This was not just a sudden impulse, but the culmination of four years of university spent in the ocean’s orbit. In my freshman year I had created a student society for ocean advocacy, and by senior year I was spending more time sailing, learning about sailing, and designing sailboats to 3D print than I was studying for my courses. (Before my flight, I had been browsing ads for second-hand cars in Egypt when I came across an ad for a used sailboat, prompting a serious reconsideration of how I should spend my savings. I contacted the boat owner first.)
However, it was not obvious what sort of career I could have with the ocean. The most compelling choice seemed conservation, but as an engineering graduate I did not have the background for most jobs in that field. I could not fully imagine embarking on that career path either. Several years ago, I realized that writing is what I wanted to do most. It was only after I returned to Cairo that I realized I could fuse the two together—the sea, and writing. I could write about the Red Sea.
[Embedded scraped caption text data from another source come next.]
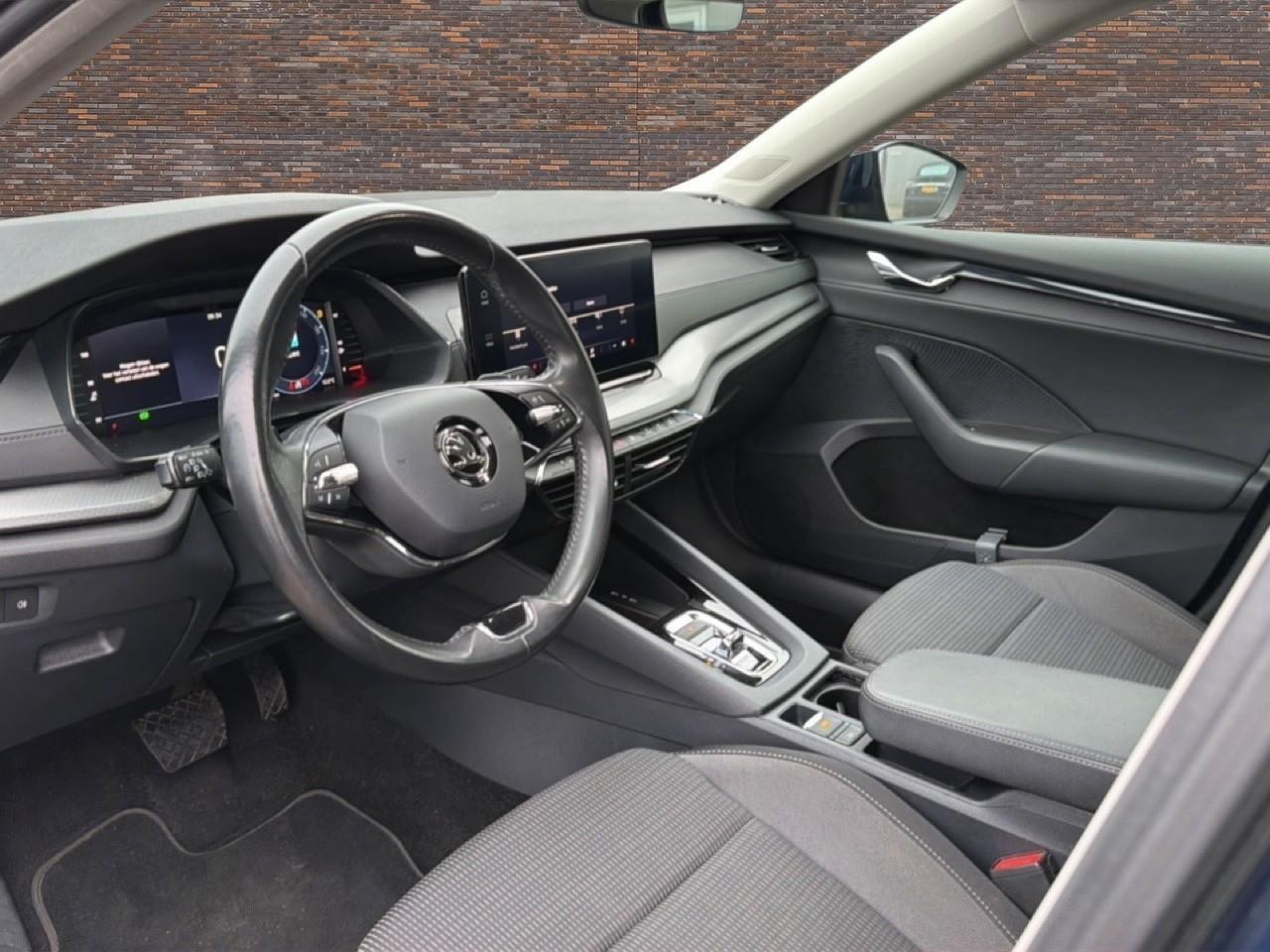 Skoda OCTAVIA 1.0 e-TSI ECC LMV NAVI CRUISE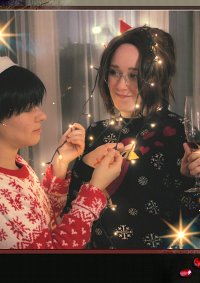 Cosplay-Cover: Hanji Zoë (Christmas Bakery)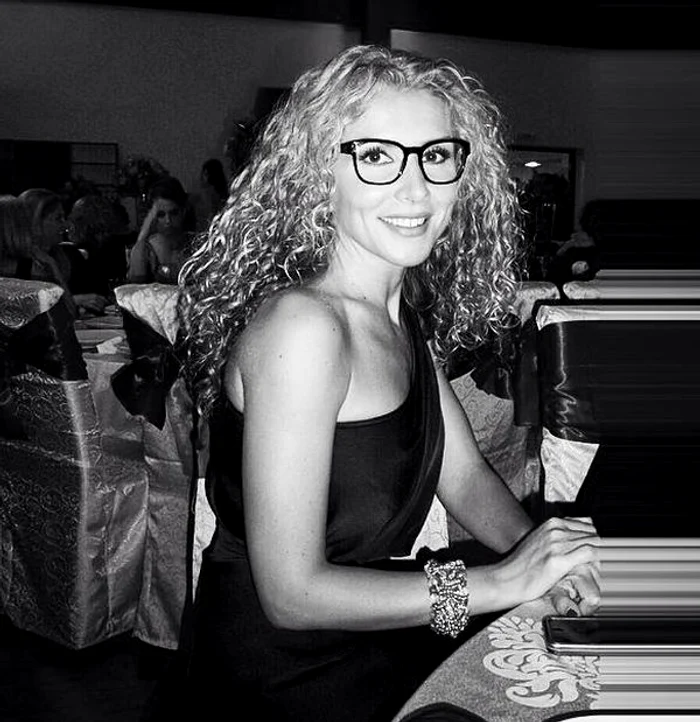 Carmen Brumă a încercat o pereche de ochelari de vedere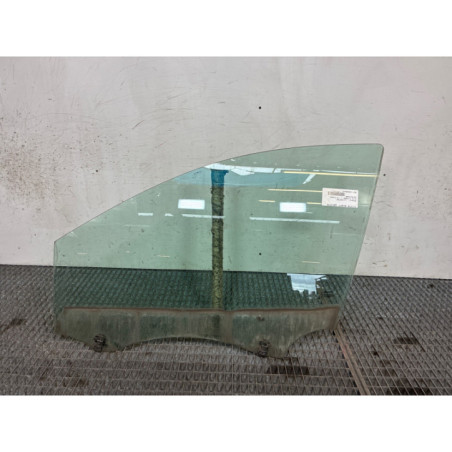Vitre avant gauche RENAULT CLIO 3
That’s when this project was born.
When I began, I had some vague ideas of what I wanted it to be, but mostly I knew what I did not want it to be. I did not want to write the kind of commercial narratives that throw around terms like ‘pristine paradise’ or ‘idyllic getaway.’ I did not want, while writing in English about a country like Egypt, to participate in cultural prostitution. I had the BBC travelogues of Simon Reeve and Joanna Lumley to remind me that every place has a story to tell, and that it always matters who is doing the telling.
I was surprised, at various points throughout this project, by the degree to which tourism and tourists featured in my narratives. I knew, of course, that tourism was an economic pillar of Egypt’s Red Sea coast, but the way in which it shapes things big and small was a constant source of interest. At times I felt my writing was too disparaging of tourism, but each time I considered diluting my language I found in whichever book I was reading reasons not to.
There was, for instance, the precedent set by Jamaica Kincaid in A Small Place: “A tourist is an ugly human being.” In Timothy Mitchell’s Colonising Egypt there could be found against tourism historical grievance: “…in 1830, entrepreneurs from Marseilles had converted a steamer into a floating hotel and taken tourists to watch [Algier’s] bombardment and occupation by the French.” And, in a far broader way, there was relevance in Joan Didion’s Slouching Towards Bethlehem: “That is one last thing to remember: writers are always selling somebody out.”
Finally, these narratives are far from comprehensive. There are many places along Egypt’s Red Sea I wished to include but did not have the time to, and I was always aware that what I was writing was neither definitive nor objective. I wrote with the intention of creating ‘portraits’ (a concept borrowed from an earlier piece I had written about living in a student co-op in California), and as such I aimed to represent things truthfully and faithfully, with integrity and decency, but I never cared to be objective. A portrait—in writing as in painting—says as much about its maker as it does its subject.